African Export-Import Bank v Shebah Exploration and Production Co Ltd
Court of Appeal
Citations:  EWCA Civ 845;  1 WLR 487;  2 All ER 144;  1 All ER (Comm) 535;  2 Lloyd’s Rep 111;  2 CLC 73;  CLY 508.
The claimant was a lender who entered into a loan agreement with the defendants. The first defendant, a company, was the lender. The other two defendants were guarantors for the loan. The claimant’s lawyers based the loan agreement on a standard form contract recommended by the Loan Market Association. The parties made significant modifications to the standard contract in negotiations. The ultimate contract included an exclusion clause which barred the defendants from relying on any defence of set-off. The company failed to pay back the loan, so the claimant began proceedings to recover the money.
The defendants argued that they had a counter-claim for damages against the claimant which they should be allowed to set-off from the outstanding amount of the loan. They argued that the claimant was not entitled to rely on the exclusion clause. This was because, they argued, the clause fell within the scope of s.3 of the Unfair Contract Terms Act 1977 and was void for unreasonableness. The claimant responded that s.3 was not relevant, because it only applies to contracts made on one parties’ ‘written standard terms of business.’ The claimant argued that the loan agreement was not either parties’ standard terms.
- When does a contract constitute ‘written standard terms of business’?
The Court of Appeal held in favour of the claimant. There was no evidence that the loan agreement was made on the claimant’s written standard terms of business. This meant that the defendant was unable to invoke s.3 of UCTA. The exclusion clause therefore barred the defendants from relying on any defence of set-off.

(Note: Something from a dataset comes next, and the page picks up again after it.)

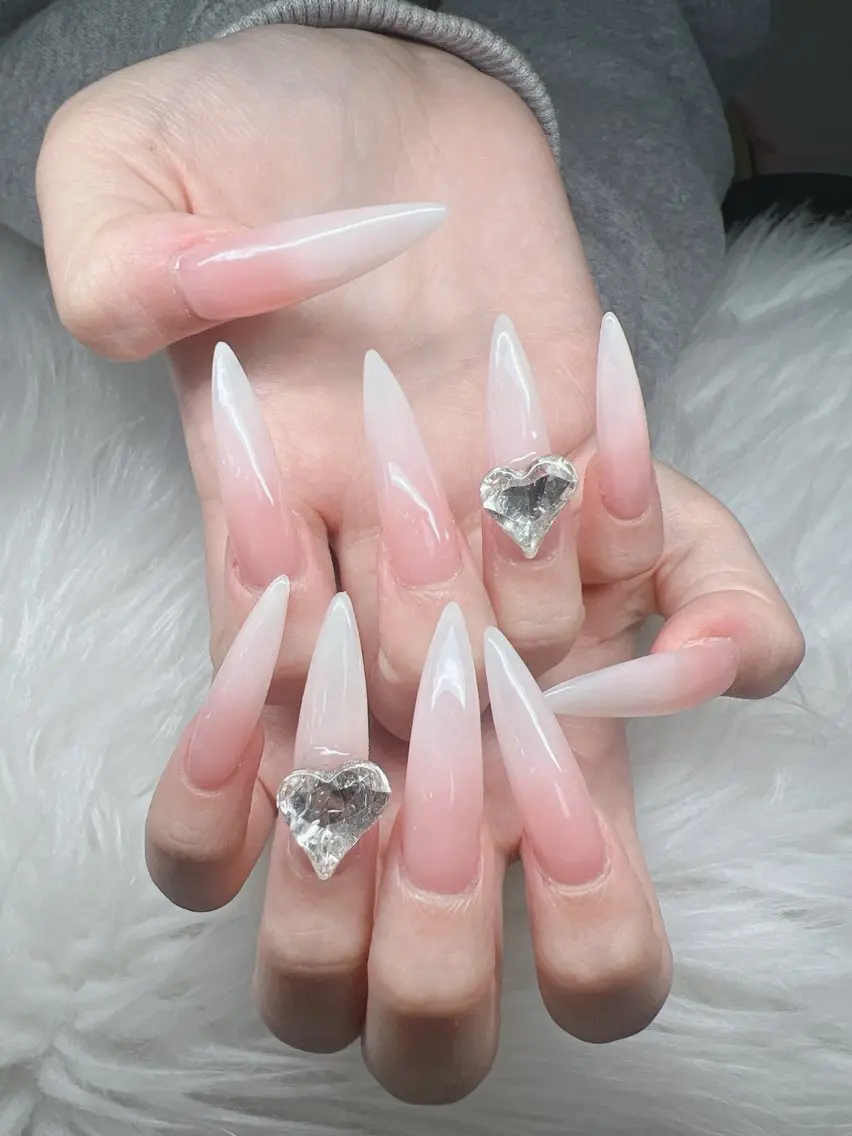 ネイル ハンドネイル Lee Nails チップ長さだし専門店のネイルデザイン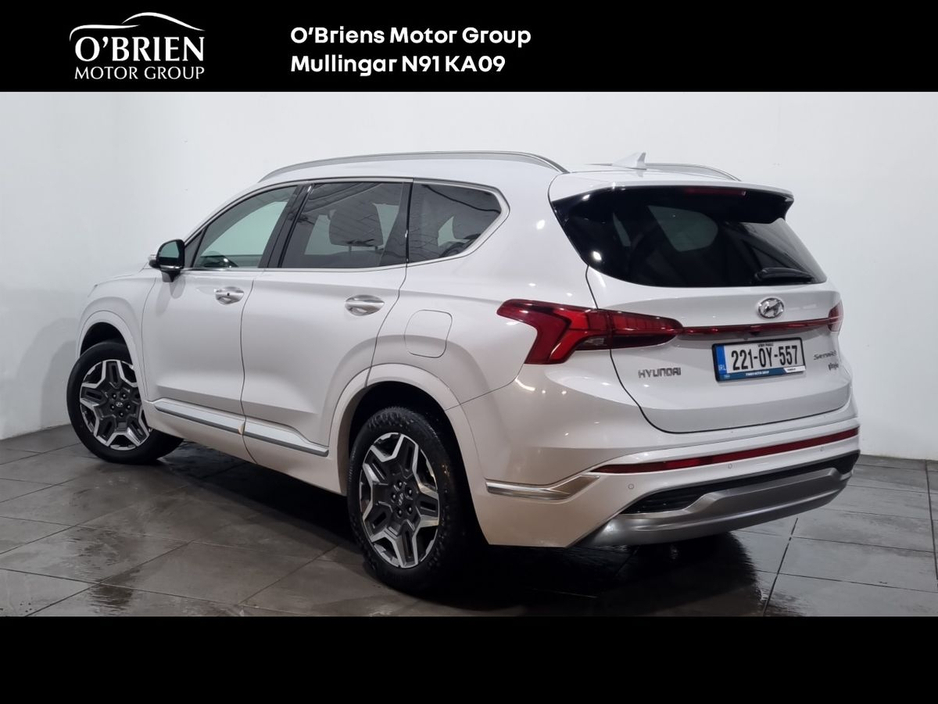 2022 Hyundai Santa Fe - image 3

This Case is Authority For…
Written terms are ‘standard’ if one party habitually uses them forwards as the basis for that kind of contract, without substantial variations.
It is possible for written terms to remain ‘standard’ even if there is some negotiation between the parties as to specific terms. However, any amendments must essentially leave the standard terms ‘untouched’. For example, the fact that the parties negotiate a price or the quantity of goods will not prevent a contract being on standard terms.
The court noted that the standard terms do not have to have been developed by one of the parties – it is possible for a party to adopt a third-party’s terms as its own standard form contract. However, ‘neutral’ industry model contracts such as the Loan Market Association contract are not automatically written standard terms. There must be cogent evidence that one party habitually uses the model contract without any possibility of significant negotiation or modification.